Along with the past governments of Australia, the church is held accountable in our society for the injustices/atrocities inflicted on our people.
Contrary to the belief of the invaders that they had a divine right to take possession of this land as their own, the God of righteousness, truth and justice has sustained us with the belief that one day we would be recognised as the true stewards of this land. This has come to pass through the High Court decision which was handed down in the Mabo case.
Uniting Church in Australia, July 1994
It is good and right that the church should repent of any of its actions in support of a policy that violently discriminated against and oppressed God's stewards of this land.
The UAICC believes it is just for the Uniting Church, as a result of its enlightened understanding of the Gospel implications of creating new community, to offer a practical response to the past history of dispossession and resulting disenfranchisement of Aboriginal and Islander people from their social, economic and spiritual development of Australia, by taking action to empower the UAICC ministry by offering to share the assets of the Uniting Church. It is difficult for us again, to recall the atrocities of the past and agree to walk towards you and offer forgiveness because many of our people feel your position of influence in our present society reminds us of who committed these great offences.
As a result of the violent dispossession and resulting isolation from economic empowerment in Australia, within a great number of our people there has developed a deep anger and resentment of European people.
Therefore it would be wrong to just say "I forgive", without reaching a commitment to work together to lay a new foundation upon which we may build a more just future together by ensuring that the Uniting Church plays an active role in providing adequate resources to address the present disadvantages caused by the past injustices and dispossession by the invasion of this country. Your commitment to be practical in seeking to be united in this relationship will be assessed by your decisions to resource the Congress ministry and to be actively involved in ministry alongside and with Aboriginal and Islander people to change the present disadvantage.
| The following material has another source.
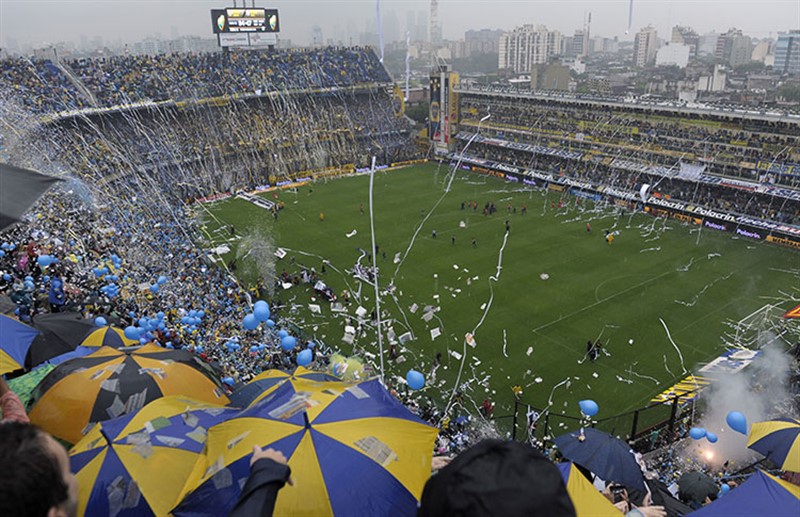 současná podoba stadionu Boca Juniors - La Bombonera,  www.conmebol.com
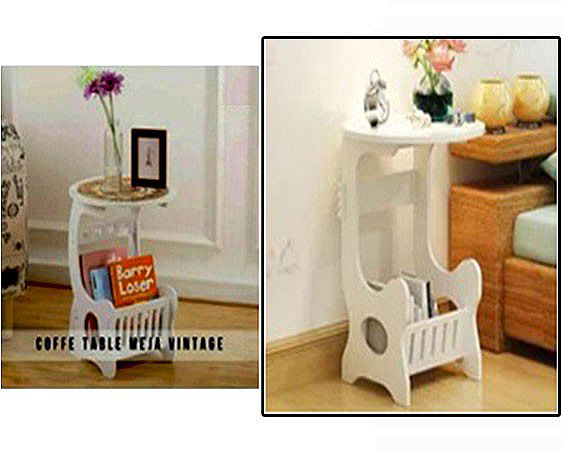 Coffee Table Vintage Meja Kopi Bulat Minimalis Rak Serbaguna Tempat Majalah Sudut Ngopi Tea Table Coffee Table Vintage Meja Kopi Bulat Minimalis Rak Serbaguna Tempat Majalah Sudut Ngopi Tea Table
Because it is pleasing to God to love one another, and it is our commitment to do so, we invite you on behalf of Congress members to develop a new relationship by entering into the struggle of those issues that presently are the cause of continuing injustice resulting in broken relationships.
You seek our forgiveness because your understanding has been enlightened by the Spirit of the living God to recognise the failures and mistakes of the past and you desire to establish a new relationship based upon real recognition, justice and equality.
We come to this covenanting table with our gifts of Aboriginal spirituality, our culture, our Aboriginal way of loving and caring, our instinctive concern and a willingness to share and teach our history and every good aspect about being Aboriginal and Islander.
Our commitment to walk together with you as equals will be measured by our willingness to share with you our friendship and our love for God's creation.
Our people have survived on the fruits of this country and have harvested from gardens as diverse as nature can offer. We give to you our foods, drinks, the flesh of our animals, the fish of our waters and birds of the air that have sustained our people for generations gone by.
We pray that God will guide you together with us in developing a covenant to walk together practically so that the words of your statement may become a tangible expression of His justice and love for all creation. We ask you to remember this covenant by remembering that our land is now also sustaining your people by God's grace.